Halward suddenly and unashamedly felt his eyes burn. He held her hand and squeezed it, “Promise,” he said hoarsely.
“See you later, Paul.”
The pick-up followed a Russian vehicle to the main gate and headed out onto the main road. They stopped about five kilometers west down the highway and Ripley jumped down.
“God’s speed, Ripley,” Hogan said in a whisper, because he had heard her cry from the heart to Halward, “Please stay safe for all of us.”
“Goodbye, Mr H. Better have the pile ointment handy, Shippers.
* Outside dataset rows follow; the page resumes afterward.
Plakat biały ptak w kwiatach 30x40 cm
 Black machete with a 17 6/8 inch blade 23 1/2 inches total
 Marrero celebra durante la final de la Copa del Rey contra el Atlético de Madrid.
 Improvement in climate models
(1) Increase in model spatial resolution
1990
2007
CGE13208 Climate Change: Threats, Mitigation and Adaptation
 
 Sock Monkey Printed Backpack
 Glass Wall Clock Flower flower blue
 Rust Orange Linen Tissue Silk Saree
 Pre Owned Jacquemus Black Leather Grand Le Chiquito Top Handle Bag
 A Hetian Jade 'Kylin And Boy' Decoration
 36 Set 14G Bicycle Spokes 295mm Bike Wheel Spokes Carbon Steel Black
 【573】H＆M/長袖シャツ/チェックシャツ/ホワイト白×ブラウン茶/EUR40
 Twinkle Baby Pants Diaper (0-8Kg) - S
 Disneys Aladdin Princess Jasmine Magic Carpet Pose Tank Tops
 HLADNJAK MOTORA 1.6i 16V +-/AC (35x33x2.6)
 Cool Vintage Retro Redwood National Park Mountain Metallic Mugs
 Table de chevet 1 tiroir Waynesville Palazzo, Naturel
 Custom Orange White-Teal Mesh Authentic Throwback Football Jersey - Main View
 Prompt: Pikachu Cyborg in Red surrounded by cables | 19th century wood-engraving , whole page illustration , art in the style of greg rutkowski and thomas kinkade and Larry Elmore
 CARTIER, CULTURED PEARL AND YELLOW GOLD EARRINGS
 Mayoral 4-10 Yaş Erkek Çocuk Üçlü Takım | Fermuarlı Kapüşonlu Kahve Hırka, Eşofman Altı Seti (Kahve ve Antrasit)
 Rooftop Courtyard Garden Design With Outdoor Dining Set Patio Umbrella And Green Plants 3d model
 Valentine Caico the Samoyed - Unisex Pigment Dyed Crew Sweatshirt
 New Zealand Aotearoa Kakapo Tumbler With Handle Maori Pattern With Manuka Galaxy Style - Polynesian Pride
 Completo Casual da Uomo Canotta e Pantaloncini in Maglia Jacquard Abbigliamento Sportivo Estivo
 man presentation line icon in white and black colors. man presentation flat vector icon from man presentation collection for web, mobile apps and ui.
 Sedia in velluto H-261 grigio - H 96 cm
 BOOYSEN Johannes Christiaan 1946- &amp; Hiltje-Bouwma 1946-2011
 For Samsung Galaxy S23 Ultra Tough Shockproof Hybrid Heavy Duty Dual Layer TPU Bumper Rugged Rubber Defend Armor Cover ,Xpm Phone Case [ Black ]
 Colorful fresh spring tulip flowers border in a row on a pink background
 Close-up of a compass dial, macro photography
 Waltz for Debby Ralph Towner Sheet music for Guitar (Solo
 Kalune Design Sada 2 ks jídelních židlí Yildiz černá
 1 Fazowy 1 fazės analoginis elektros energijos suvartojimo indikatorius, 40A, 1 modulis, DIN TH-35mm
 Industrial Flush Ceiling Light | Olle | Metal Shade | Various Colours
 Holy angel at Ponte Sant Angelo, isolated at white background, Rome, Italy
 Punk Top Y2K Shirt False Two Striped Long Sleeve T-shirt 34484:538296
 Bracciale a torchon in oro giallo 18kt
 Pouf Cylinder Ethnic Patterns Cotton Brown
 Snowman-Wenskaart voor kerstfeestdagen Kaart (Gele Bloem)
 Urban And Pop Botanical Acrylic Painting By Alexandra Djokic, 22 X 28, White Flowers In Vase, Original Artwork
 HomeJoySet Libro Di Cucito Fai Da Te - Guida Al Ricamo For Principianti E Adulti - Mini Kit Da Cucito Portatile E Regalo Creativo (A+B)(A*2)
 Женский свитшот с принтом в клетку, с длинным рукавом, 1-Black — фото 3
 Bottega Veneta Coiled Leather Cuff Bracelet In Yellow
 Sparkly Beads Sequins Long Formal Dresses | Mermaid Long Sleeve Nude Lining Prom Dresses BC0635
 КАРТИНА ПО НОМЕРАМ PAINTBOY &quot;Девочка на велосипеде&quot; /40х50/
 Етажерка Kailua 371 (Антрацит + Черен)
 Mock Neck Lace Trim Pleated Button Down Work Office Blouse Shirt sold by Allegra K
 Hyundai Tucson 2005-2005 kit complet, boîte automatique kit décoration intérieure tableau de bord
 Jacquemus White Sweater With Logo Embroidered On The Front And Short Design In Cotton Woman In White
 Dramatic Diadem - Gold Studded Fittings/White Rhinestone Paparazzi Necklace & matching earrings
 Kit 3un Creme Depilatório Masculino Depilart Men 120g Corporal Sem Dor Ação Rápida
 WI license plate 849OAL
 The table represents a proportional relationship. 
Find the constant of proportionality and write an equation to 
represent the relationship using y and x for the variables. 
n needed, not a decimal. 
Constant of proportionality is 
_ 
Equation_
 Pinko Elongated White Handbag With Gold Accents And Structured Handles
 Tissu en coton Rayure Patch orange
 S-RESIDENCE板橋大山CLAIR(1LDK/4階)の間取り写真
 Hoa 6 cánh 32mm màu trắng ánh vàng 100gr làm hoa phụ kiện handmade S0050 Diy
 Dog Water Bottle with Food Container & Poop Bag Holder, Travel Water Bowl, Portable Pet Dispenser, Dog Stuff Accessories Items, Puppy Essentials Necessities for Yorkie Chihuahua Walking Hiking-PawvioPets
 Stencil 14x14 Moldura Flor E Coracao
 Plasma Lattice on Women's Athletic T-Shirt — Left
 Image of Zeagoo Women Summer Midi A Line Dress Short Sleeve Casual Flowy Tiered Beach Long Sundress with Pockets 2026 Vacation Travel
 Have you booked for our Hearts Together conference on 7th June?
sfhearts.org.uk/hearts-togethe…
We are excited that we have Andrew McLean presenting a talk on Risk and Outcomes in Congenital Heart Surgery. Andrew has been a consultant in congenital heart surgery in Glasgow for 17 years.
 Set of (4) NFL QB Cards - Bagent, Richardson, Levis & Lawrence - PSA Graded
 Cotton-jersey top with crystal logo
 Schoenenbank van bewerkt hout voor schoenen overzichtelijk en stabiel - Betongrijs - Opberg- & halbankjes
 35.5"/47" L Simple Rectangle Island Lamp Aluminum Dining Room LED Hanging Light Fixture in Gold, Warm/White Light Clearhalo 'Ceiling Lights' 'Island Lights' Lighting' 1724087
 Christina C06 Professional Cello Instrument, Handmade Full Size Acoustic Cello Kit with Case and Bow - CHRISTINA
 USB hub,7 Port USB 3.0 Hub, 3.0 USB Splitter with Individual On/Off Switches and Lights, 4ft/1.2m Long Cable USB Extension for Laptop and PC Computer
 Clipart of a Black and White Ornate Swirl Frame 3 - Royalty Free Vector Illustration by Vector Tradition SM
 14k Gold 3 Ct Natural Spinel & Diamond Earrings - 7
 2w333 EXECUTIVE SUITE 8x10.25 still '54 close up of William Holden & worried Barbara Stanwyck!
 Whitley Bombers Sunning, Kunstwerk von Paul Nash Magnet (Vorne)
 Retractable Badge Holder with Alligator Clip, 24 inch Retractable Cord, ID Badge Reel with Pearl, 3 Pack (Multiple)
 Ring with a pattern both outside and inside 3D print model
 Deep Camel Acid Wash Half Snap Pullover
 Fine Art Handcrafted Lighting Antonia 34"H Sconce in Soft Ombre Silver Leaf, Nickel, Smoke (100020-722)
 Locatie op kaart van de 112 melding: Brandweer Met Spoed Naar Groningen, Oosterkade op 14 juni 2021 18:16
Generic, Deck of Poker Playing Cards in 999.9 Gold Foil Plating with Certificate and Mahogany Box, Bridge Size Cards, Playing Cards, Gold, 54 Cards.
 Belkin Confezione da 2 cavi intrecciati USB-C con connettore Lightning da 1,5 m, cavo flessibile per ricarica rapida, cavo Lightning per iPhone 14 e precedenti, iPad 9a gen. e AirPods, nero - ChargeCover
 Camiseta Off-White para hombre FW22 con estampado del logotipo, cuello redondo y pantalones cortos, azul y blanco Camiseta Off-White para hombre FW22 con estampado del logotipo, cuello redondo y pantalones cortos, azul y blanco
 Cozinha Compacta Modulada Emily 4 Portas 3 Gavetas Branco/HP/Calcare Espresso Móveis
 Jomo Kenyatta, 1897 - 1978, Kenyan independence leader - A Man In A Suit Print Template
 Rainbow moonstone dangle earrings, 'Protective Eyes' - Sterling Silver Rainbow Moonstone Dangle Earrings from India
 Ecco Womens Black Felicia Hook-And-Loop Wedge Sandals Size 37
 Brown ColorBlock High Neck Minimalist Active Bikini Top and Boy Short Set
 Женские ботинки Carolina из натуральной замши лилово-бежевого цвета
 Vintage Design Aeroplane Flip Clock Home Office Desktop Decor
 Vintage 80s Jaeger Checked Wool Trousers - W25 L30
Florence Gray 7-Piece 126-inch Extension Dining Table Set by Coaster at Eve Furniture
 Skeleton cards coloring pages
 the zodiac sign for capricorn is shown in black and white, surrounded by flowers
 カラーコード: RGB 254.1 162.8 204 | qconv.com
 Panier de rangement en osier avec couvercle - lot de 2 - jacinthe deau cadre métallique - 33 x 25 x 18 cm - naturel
Have you seen the rubbish I have to eat?”
Shippers refused to look at her. He had heard it as well.
The pick-up turned in the road and headed back east. She watched the red tail lights disappear, slung the AK47 and trudged east. There was a tiny crescent of the waxing moon and the stars were brilliant. Her breath misted in front of her and she could feel the comfort of the Glock and the knife on her right and left thighs respectively. The terror had gone, replaced with cautious intensity. She was going into the depravity of a man-made hell and presently she saw the first of the corpses lying by the side of the road.